Exercise directions: Repeat the listing exactly, minus the pictures.

Data block:
+ + +
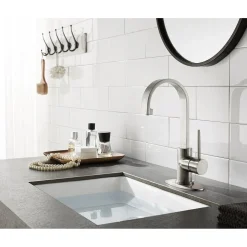 Kingston Brass Fauceture New York Single-Handle Bathroom Faucet Drain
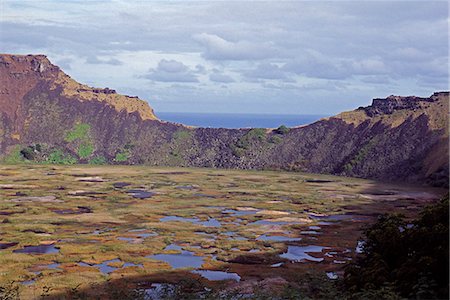 Chili, île de Pâques. Le bord du cratère du volcan de Rano Kau à la pointe sud-ouest de l'île de Pâques. Photographie de stock - Rights-Managed, Code: 862-03352158
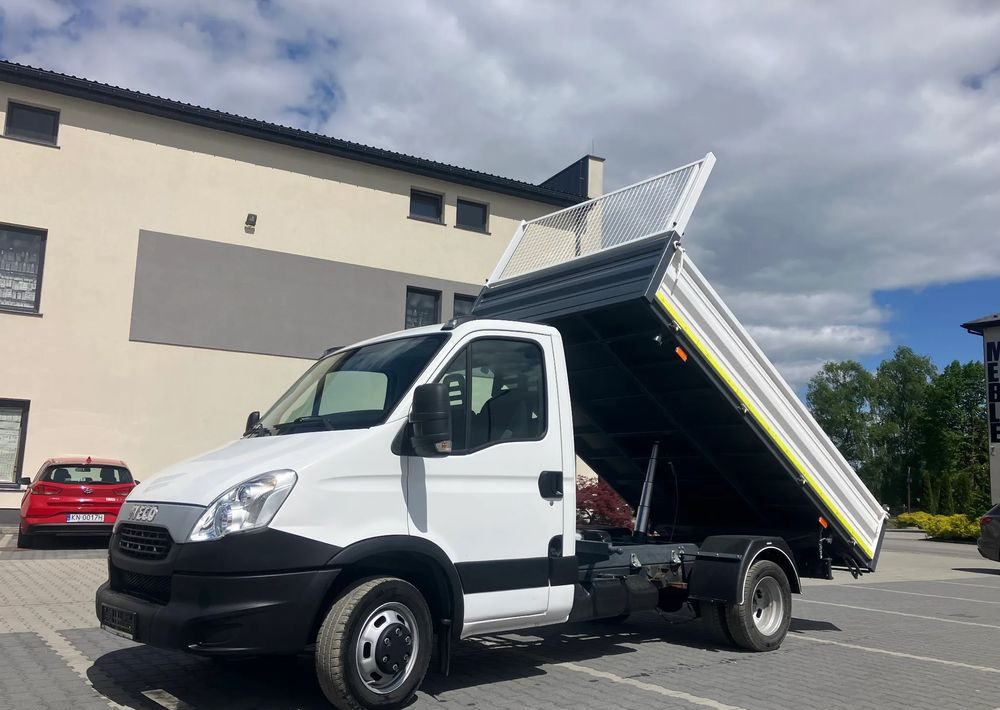 Iveco Iveco daily 35C13 wywrotka solidny kiper - Transportbil med tippflak: bild 1 Iveco Iveco daily 35C13 wywrotka solidny kiper - Transportbil med tippflak: bild 1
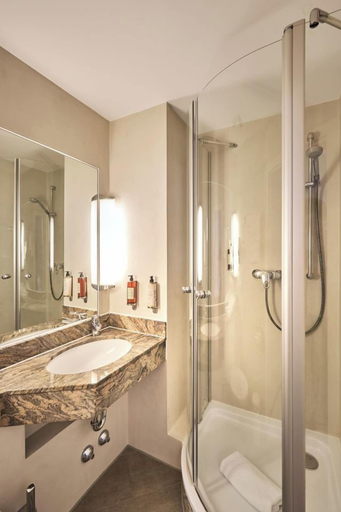 Bathroom 5, Hotel Starnberger See, Starnberg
+ + +
Answer for the task:
 Kingston Brass Fauceture New York Single-Handle Bathroom Faucet Drain
 Chili, île de Pâques. Le bord du cratère du volcan de Rano Kau à la pointe sud-ouest de l'île de Pâques. Photographie de stock - Rights-Managed, Code: 862-03352158
 Iveco Iveco daily 35C13 wywrotka solidny kiper - Transportbil med tippflak: bild 1 Iveco Iveco daily 35C13 wywrotka solidny kiper - Transportbil med tippflak: bild 1
 Bathroom 5, Hotel Starnberger See, Starnberg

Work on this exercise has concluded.